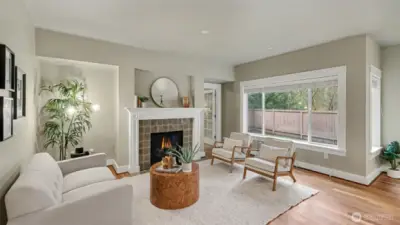 Family room off Kitchen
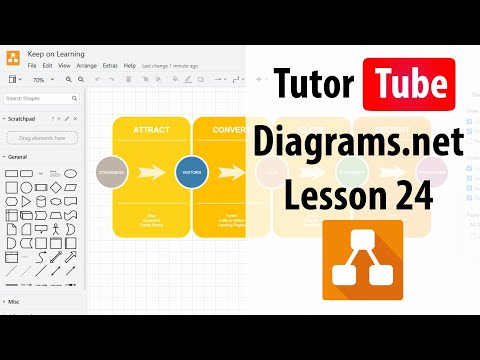 Diagrams.net Tutorial - Lesson 24 - Using Diagram Templates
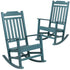 Set of 2 Winston All-Weather Faux Wood Rocking Chair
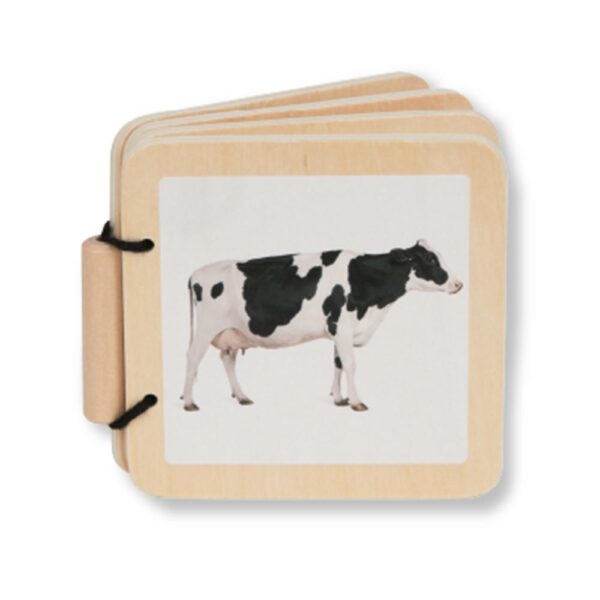 Kit Exploración 7-8 Meses tarjetas animales vaca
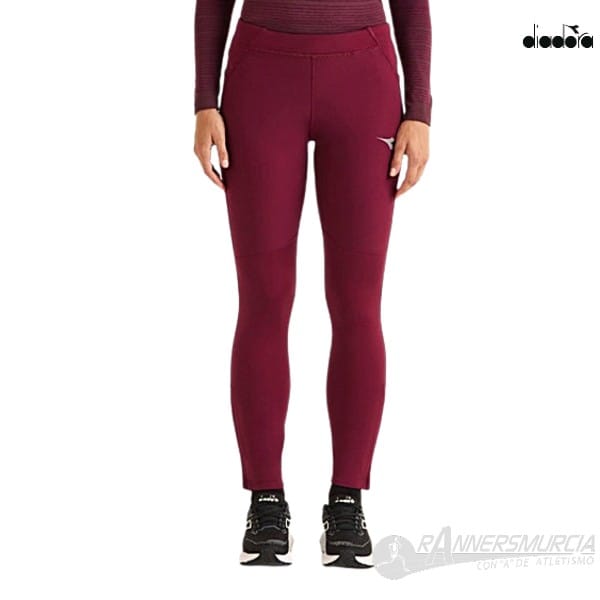 ropa-malla-larga-diadora-run-tights-winter-protection-mujer-granate Run Tights Winter Protection W - Imagen 2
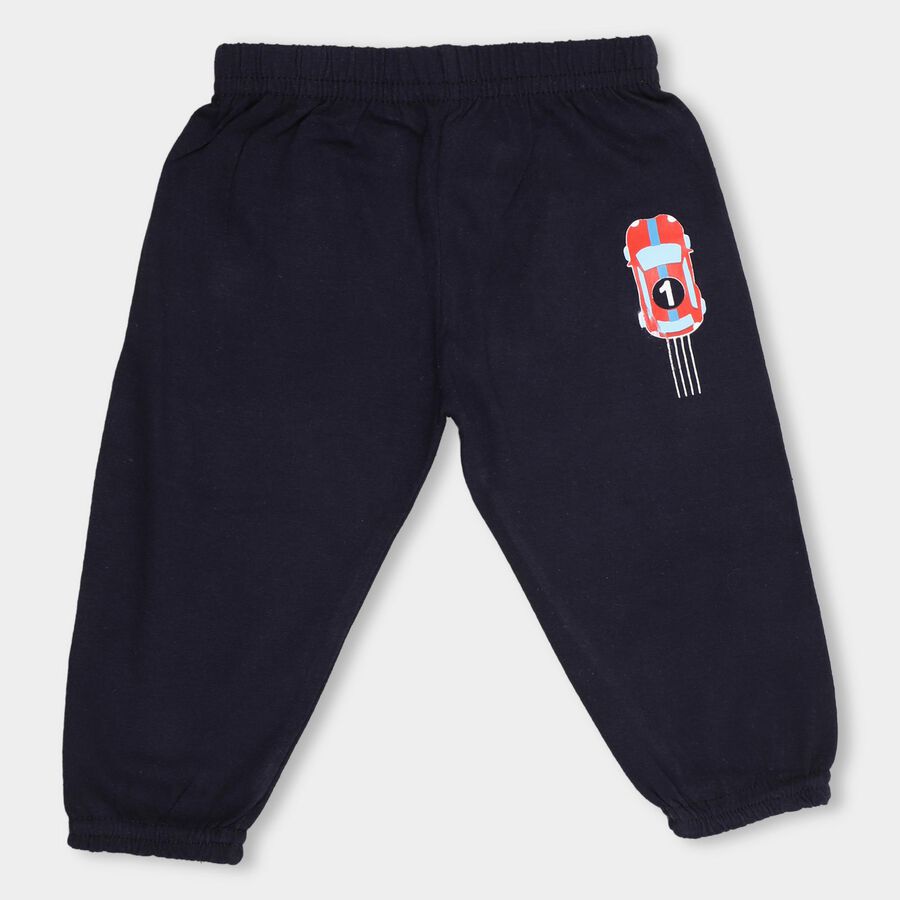 Infants' 100% Cotton Pyjama , Navy Blue, large image number null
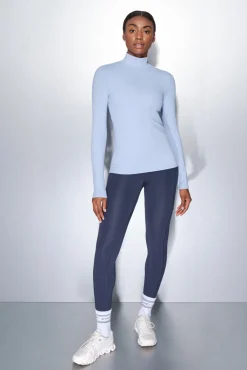 Dash and Stars T-Shirts-T-shirt bebê de manga comprida azul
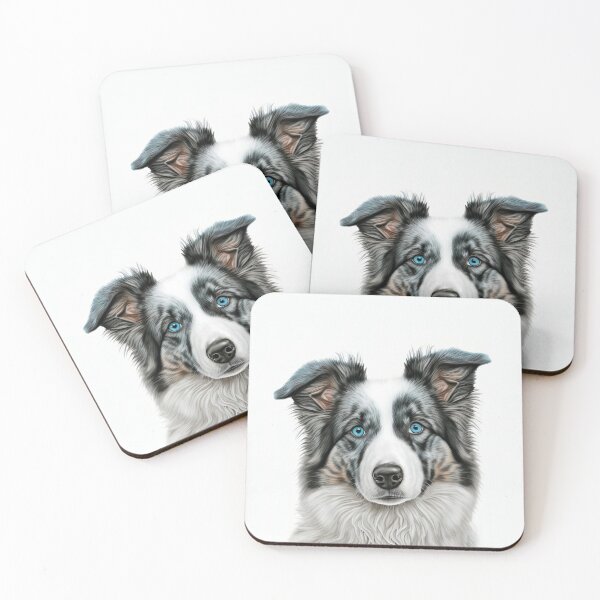Item preview, Blue Merle Border Collie Dog designed and sold by DigitalRiggs.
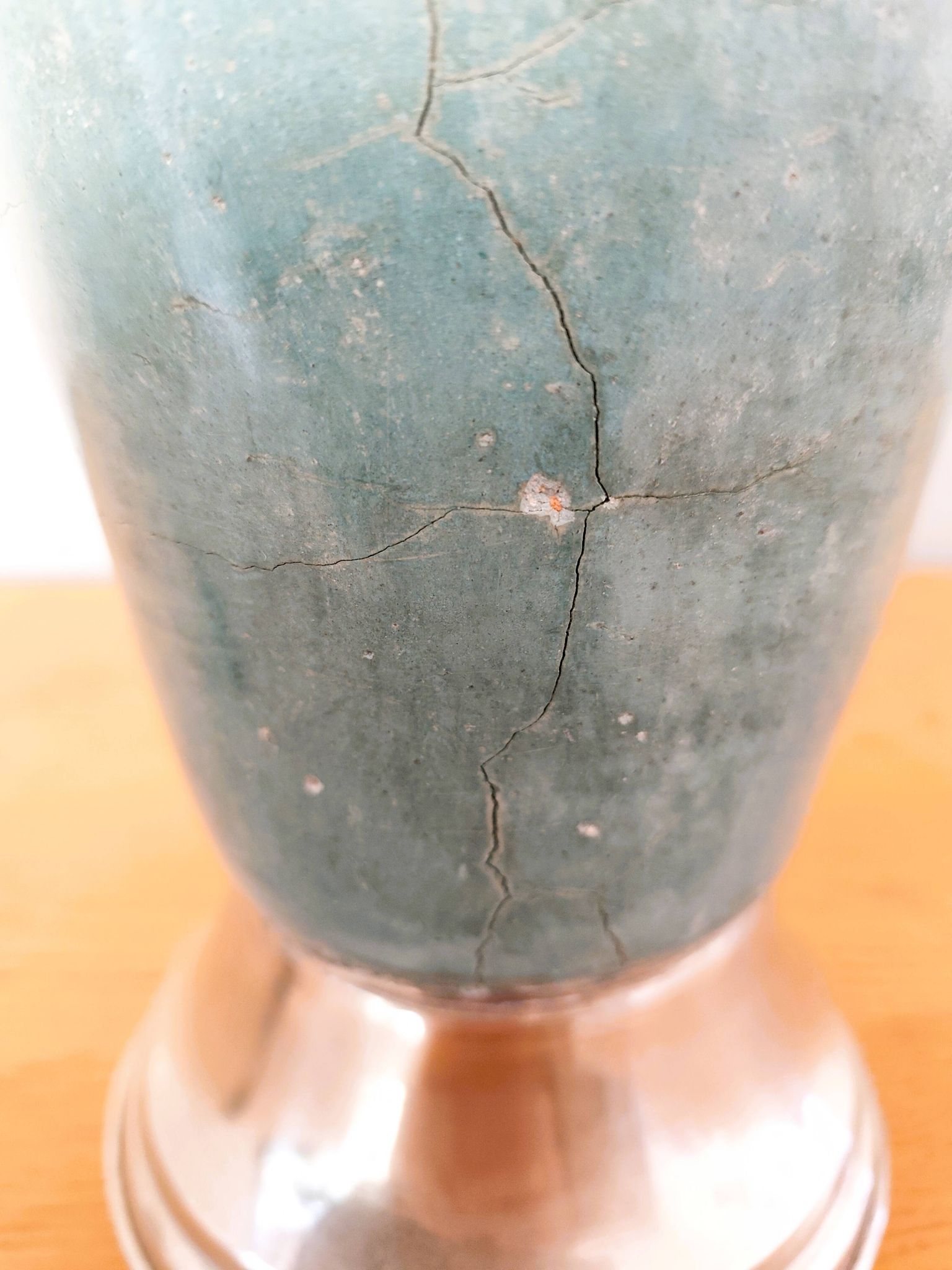 Lampe à poser bleu turquoise et laiton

- What the exercise asks
Would you give again, exactly as written, the lines from the one containing "Infants' 100% Cotton" through the end of the records, with no pictures and no other lines?

- Task solution
 Infants' 100% Cotton Pyjama , Navy Blue, large image number null
 Dash and Stars T-Shirts-T-shirt bebê de manga comprida azul
Item preview, Blue Merle Border Collie Dog designed and sold by DigitalRiggs.
 Lampe à poser bleu turquoise et laiton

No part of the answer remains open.